Le bruit était lancé intentionnellement pour attirer davantage le public à assister aux
conférences organisées, enfin d’emporter le plus d’adhésions enthousiastes des masses touchées.
Outre la foule, des chefs des chefferies en grand nombre, presque tous les membres du
Conseil du pays retenus à Nyanza y ont assisté, de même que certains assistants agricoles,
vétérinaires connus des différents territoires, sympathisants du mouvement en cause. Mr Poelaert
de Kisenyi était évidemment présent.
Dans son discours d’ouverture, Mr. Rukeba a souligné que le but de l’association était
d’affermir l’union nationale, d’écarter toute division interne néfaste et de favoriser l’émancipations
sociale de toute les couches de la population de façon absolument équitable, loyale et sincère pour
tout un chacun.
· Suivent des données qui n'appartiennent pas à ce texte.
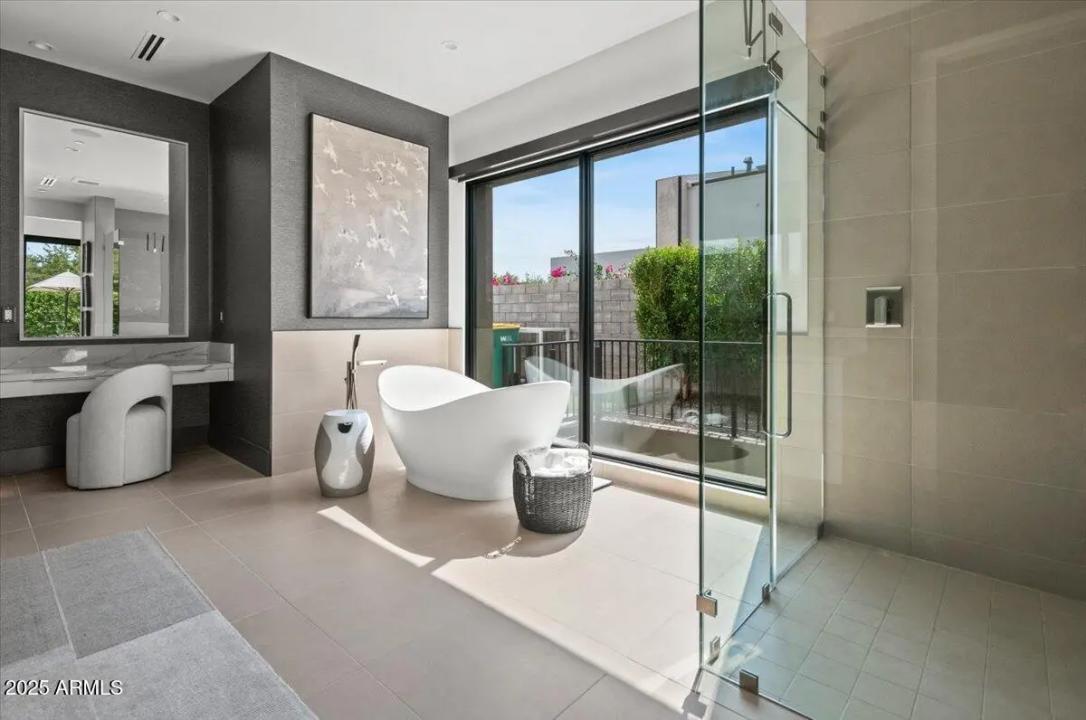 Real Estate Picture 25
Il a précisé que toute les injustices sociales devraient disparaître et que seuls les
éléments de valeurs occuperaient des places qu’ils méritent dans l’administration du pays à tous les
échelons.
A l’égard de l’Administration belge, il a déclaré que le Gouvernement belge a eu le mérite
de mener notre évolution, par l’enseignement, le développement social et économique, qu’à l’heure
actuelle, le pays a atteint sa maturité, et que nous-mêmes, exclusivement, nous sommes pleinement
responsables des institutions présentes et futures. C’est à ce sujet qu’il a souligné l’objectif principal
(politique) du parti : l’autonomie interne en 1960 et l’indépendance en 1962. D’après l’orateur,
tel n’est pas un souhait, nous devons exiger sans délai satisfaction à ce propos, par tous les moyens
à notre disposition. Que les belges le veuillent ou non, dit-il, c’est pour eux une obligation. Et
d’ajouter également que le régime colonialiste comporte des injustices et des abus que nous ne
pouvons pas supporter éternellement. A titre d’exemple, il se demande pourquoi tant d’éléments de
l’administration qui ont servi le gouvernement belge pendant de longues années, restent bloqués
derrière une machine au bureau retenus par la dactylographie au lieu de servir l’administration
même du pays, dans les chefferies, notamment à la tête des commandements politiques actuellement
vacants, dont les titulaires méritants (candidats) ne manquent pas et que l’administration a tort de
faire attendre inutilement. D’après l’orateur, le parti constitué aura à résoudre dans l’immédiat des
cas graves du genre.
De même, dans les tribunaux indigènes et dans tous les échelons de l’administration du
pays, les Batutsi détiennent encore un monopole inadmissible. Cette situation, dit-il, doit changer
également rapidement, pour permettre aux Bahutu et Batwa méritant d’occuper les postes en rapport
avec leurs aptitudes.
Après lui Mutabaruka A., Rebeka Côme, Conseillers de l’association ont pris la parole pour
souligner la nécessité de l’union active entre tous les Banyarwanda, sans distinction de races et de
tribus.
Le chef Mungarurire a parlé dans le même sens, en précisant les buts des partis politiques
dans un pays : ceux-ci sont destinés à mettre en place les institutions indispensables, par leur
intervention et programmes.
L’intervention de Rwagasana, secrétaire du Conseil Supérieur du Pays, a
été
particulièrement incendiaire. Il avait à développer, en effet, un thème délicat: l’autonomie et
l’indépendance. A ce sujet il a ouvertement critiqué l’action du gouvernement belge dans tous les
domaines social, politique, économique pour préciser que les belges se réservent les meilleurs
postes lucratifs, au détriment des africains de valeur; la prospection minière est faite de façon
parcimonieuse, alors que le pays est riche ; les fonctionnaires belges touchent des salaires fabuleux
alors que d’après les mêmes éléments le pays est extrêmement pauvre, ce qui est manifestement
contradictoire. D’après lui le problème Bahutu, Batutsi n’existait pas avant l’arrive des belges et par
leur faute, cette question provoque des divisions graves parmi la population.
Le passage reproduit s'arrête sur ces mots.